Right now, parents are getting an opportunity to spend time with their children, to love them, to talk to them, to engage with them, to reset some behaviors that, before, some parents said, I don’t have time to deal with that. Well, now you’re with your kids. Get to know them. Set some expectations about the relationship between the caregiver and the child. Spend some time learning about what your kid really knows and what they don’t know and come back prepared to support your schools. Come back prepared to have more patience and understanding about how much pressure educators are under to do the work that they are doing, which is far bigger than teaching and learning.
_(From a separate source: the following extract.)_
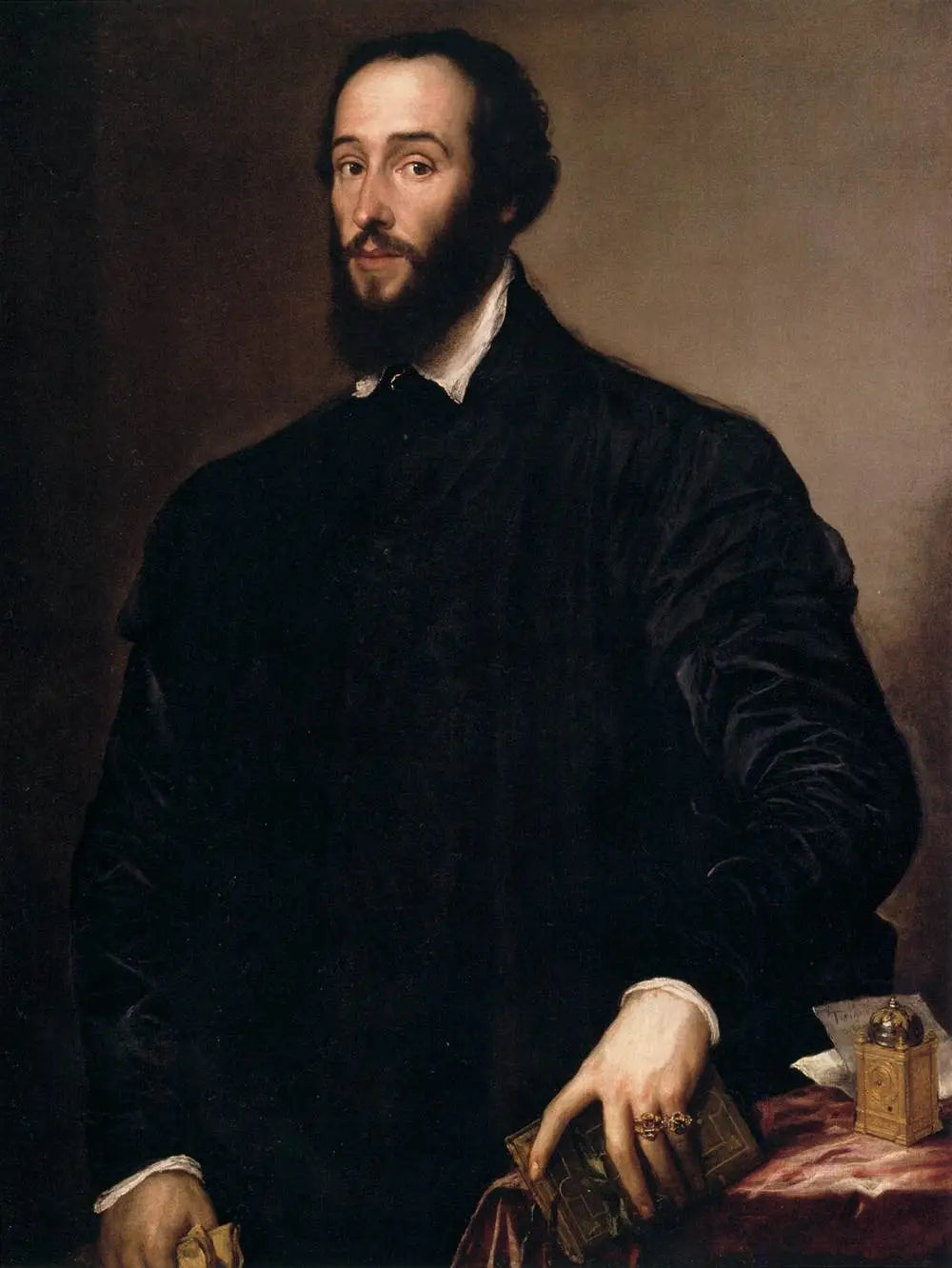 Antoine Perrenot de Granvelle - Titian image 1 copie peinte à la main à l’huile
We’ve made schools responsible for everything. We are teachers, but we’re also nurses and police officers and caregivers. We bring food and jackets and we’re psychologists and healthcare providers. Schools have been burdened with so much from society that teachers have often said, We don’t get the time to do our core purpose, which is teaching. We spend more time figuring out how to get food to people, how to get them healthcare, how to provide transportation.

We could actually rebuild pre-K through 12 institutions to be focused on children and learning. It’s an opportunity I hope we don’t miss.

[The pandemic] will forever change us. The country, the world. How we rearrange the priorities of funding in government. But that only happens if we collaborate. It has raised to our communities how important leadership is, and how important it is that we come back from all of this with the hearts and smarts to be better as we serve the communities who are looking to us to help them, finally. The fragility of all of it weighs on my heart and my mind.

My worst fear is that the most vulnerable people—the people I serve—will be hit the hardest. That our leadership will never learn their lesson and that we come back from it all not being stronger but allowing the divides to stand.

Interview edited for length and clarity.